How Irène Curie and Lise Meitner Revolutionized Science and Changed the World

by Winifred Conkling

Pub Date: Jan. 5th, 2016
ISBN: 978-1-61620-415-0
Publisher: Algonquin

“Radioactivity was the first new property of matter discovered since Sir Isaac Newton defined the law of gravity in 1686,” and the work of Irène Curie and Lise Meitner in the early 20th century helped to open the door to modern physics.

Irène Curie was the firstborn child of the world’s “ ‘First Family’ of science.” Lise Meitner was the daughter of a Jewish lawyer in Vienna and a victim of Hitler’s anti-Semitic policies. Curie and Meitner, working independently, were research rivals, each seeking a name in the field of theoretical physics that was about to change the world. Conkling discusses the two scientists separately, Curie in the first several chapters, Meitner in the next several, and their stories come together in a final section when the race to create an atomic bomb was on.
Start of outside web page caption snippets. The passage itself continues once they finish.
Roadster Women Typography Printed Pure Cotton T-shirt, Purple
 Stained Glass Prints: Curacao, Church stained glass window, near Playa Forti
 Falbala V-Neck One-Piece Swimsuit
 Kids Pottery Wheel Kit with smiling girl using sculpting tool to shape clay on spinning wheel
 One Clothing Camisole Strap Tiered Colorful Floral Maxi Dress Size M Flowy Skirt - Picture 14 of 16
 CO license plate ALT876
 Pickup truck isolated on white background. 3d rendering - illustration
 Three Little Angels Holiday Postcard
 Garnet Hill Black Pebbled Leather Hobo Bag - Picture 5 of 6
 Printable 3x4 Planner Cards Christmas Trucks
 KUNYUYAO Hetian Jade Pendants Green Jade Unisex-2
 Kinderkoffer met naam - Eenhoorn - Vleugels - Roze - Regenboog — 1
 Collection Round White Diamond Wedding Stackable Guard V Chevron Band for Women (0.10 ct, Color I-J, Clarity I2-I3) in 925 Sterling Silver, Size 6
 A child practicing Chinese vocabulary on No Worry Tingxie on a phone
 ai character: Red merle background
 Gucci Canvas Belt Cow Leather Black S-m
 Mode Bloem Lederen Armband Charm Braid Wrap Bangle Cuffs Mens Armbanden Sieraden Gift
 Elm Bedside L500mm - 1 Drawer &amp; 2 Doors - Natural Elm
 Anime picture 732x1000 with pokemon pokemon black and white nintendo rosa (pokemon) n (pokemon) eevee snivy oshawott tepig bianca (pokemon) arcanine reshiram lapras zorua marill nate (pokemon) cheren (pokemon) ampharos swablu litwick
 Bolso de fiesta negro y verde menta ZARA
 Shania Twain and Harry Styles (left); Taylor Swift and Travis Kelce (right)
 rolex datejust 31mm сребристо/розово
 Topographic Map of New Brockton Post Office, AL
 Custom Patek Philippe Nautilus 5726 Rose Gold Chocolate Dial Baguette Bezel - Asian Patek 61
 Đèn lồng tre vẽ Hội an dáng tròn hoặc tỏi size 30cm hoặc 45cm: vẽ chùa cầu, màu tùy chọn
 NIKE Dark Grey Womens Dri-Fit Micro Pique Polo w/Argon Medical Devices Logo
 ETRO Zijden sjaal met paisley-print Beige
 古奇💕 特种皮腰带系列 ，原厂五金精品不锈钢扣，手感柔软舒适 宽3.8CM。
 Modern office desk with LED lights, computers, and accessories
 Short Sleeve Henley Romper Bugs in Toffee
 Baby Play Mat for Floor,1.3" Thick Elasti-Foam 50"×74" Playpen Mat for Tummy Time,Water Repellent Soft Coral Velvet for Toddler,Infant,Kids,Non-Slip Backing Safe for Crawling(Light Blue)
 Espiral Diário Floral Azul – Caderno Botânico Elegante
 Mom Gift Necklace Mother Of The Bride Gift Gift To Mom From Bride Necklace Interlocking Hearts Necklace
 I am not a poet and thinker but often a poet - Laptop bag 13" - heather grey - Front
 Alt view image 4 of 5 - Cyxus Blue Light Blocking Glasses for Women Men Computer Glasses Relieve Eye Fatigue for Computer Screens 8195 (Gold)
It’s an uneasy blend of biographies, though astute readers will see that it’s the science itself that links the stories, not a personal connection between Curie and Meitner. Readers interested in a more succinct and compelling look at Meitner’s work on fission than what’s presented here will find it in Steve Sheinkin’s Bomb (2012). Flat writing and too many pages of dense text unrelieved by photographs or other visuals mar a volume that might have been suspenseful.

An important if sometimes-awkward study of two scientists who helped to change the world.